With Spider-Man: Far From Home opening a few days ahead of the July 4th long weekend, a large haul was naturally expected.

Even with those expectations, the $185 million take spanning six days is still an extremely impressive number. It speaks primarily to audience goodwill for this character, and the larger universe in which he exists.

Reviews were mostly on the kind side, and the high numbers being sustained throughout those six days also speaks to a generally positive audience reaction.

But when stopping to consider the film itself, it appears to highlight a major issue with large-scale, contemporary narratives.


One reason many fans were curious about Spider-Man: Far From Home is that it is the first Marvel Cinematic Universe film to be released since the game-changing (if not game-ending) Avengers: Endgame. 
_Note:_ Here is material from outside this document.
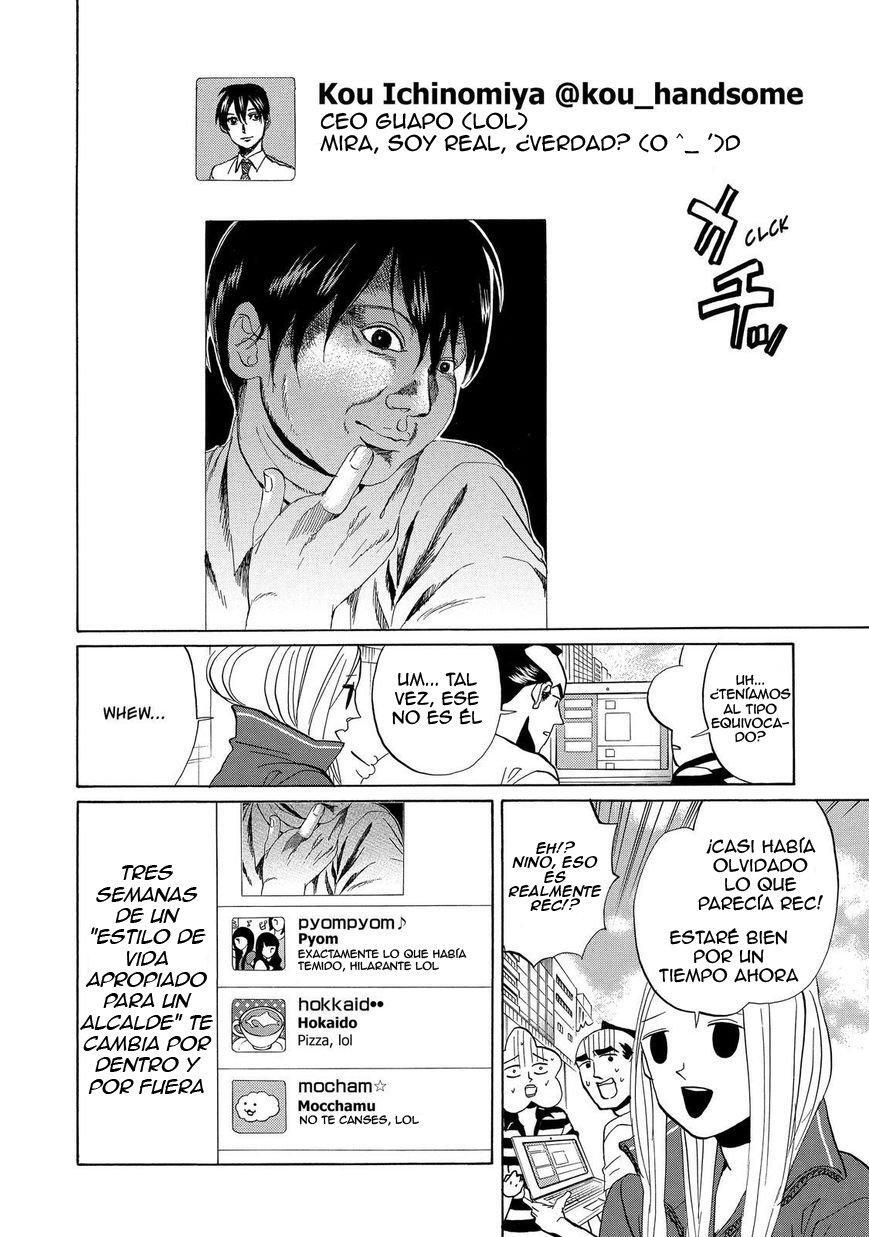 Capitulo 337 page 5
That blockbuster did something that very few modern blockbusters manage to achieve: it surprised the audience. The biggest shock in the film is when it leaps ahead five years, and stays there. Although the film ended with Tony Stark reversing the “snap” that had killed 50% of sentient life in the universe, the movie didn't try to undo the five-year jump. 

Endgame gave us very little information about what happened during that five-year period, and when it was finally acknowledged that Far From Home would be set following those five years (an acknowledgement complicated by the fact that the first Far From Home trailer came out before Avengers: Endgame, and was thus initially forced to dance around the issue), fans were looking to this film to provide a few answers.
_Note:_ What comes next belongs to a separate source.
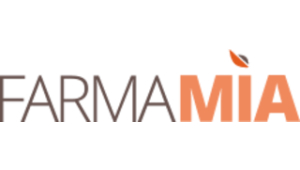 FarmaMia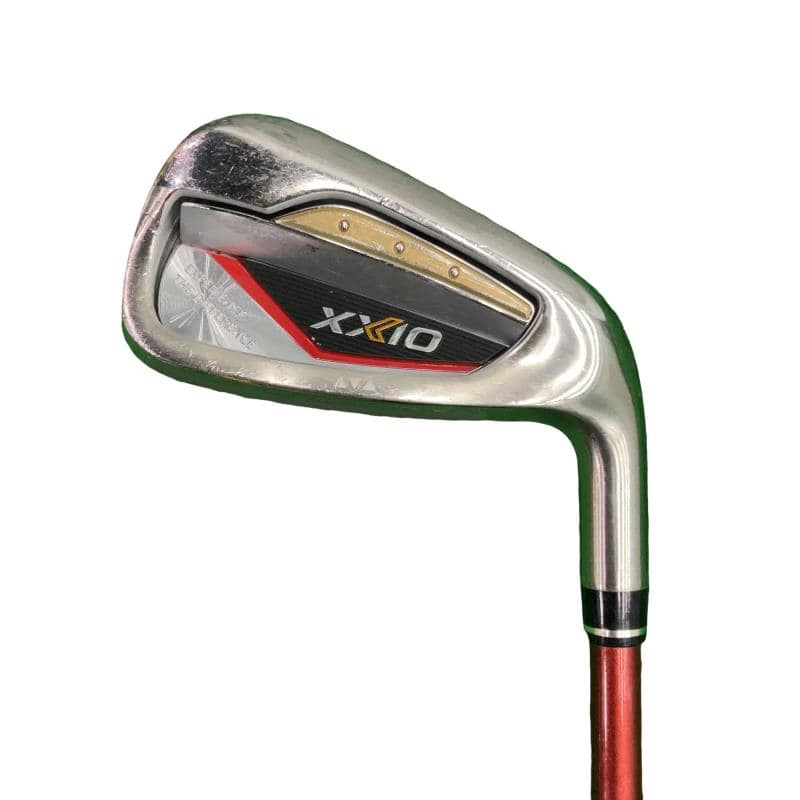 �w�w�h�n�i�Q�O�Q�S�j�@�V�r�i���b�h�j�i���{���F�V�{�Z�b�g�j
This plot point put a considerable narrative burden upon Far From Home, and it's a burden the film tries to skirt around with a couple of jokes in during opening minutes. Although we do get a few details about what is now being referred to in-universe as the “blip”, Far From Home isn't particularly interested in exploring the massive complications that would result from half the world's population disappearing for five years.

For me, this undermined the central narrative thrust of Spider-Man: Far From Home, and for the first time, showed the downside of being part of what is considered to be the most successful endeavor in modern macro storytelling – the Marvel Cinematic Universe.

As the 23rd film in the MCU, and the last movie in Phase Three of the grand experiment, there was very little room for Spider-Man: Far From Home to just be a Spider-Man movie. Although it used its own little eight month leap forward to try and distance itself from the “blip”, the insanely huge shadow cast by that event can't help but affect a narrative that should have more freedom to focus on the character it is centered around. 

Tony Stark may be dead in the MCU, but he's all over Far From Home. A potentially fatal dangerous drinking game would be to take a swig every time his name is mentioned. 

Despite these issues, the film still made a mint, of course. So while Kevin Feige and his collaborators have always succeeded in bringing in the coin, it’s usually not to the disservice of the story they’re telling. Feige and Co. have always placed an admirable emphasis on streamlining their narrative and letting each individual film stand on its own merits.

Maybe it was down to the fact that this was a collaboration with Sony (who still owns the cinematic Spider-Man rights), as opposed to being a “pure” MCU film, but Spider-Man: Far From Home was serving many narrative masters, pushing Spider-Man himself further down that list than a title character should be.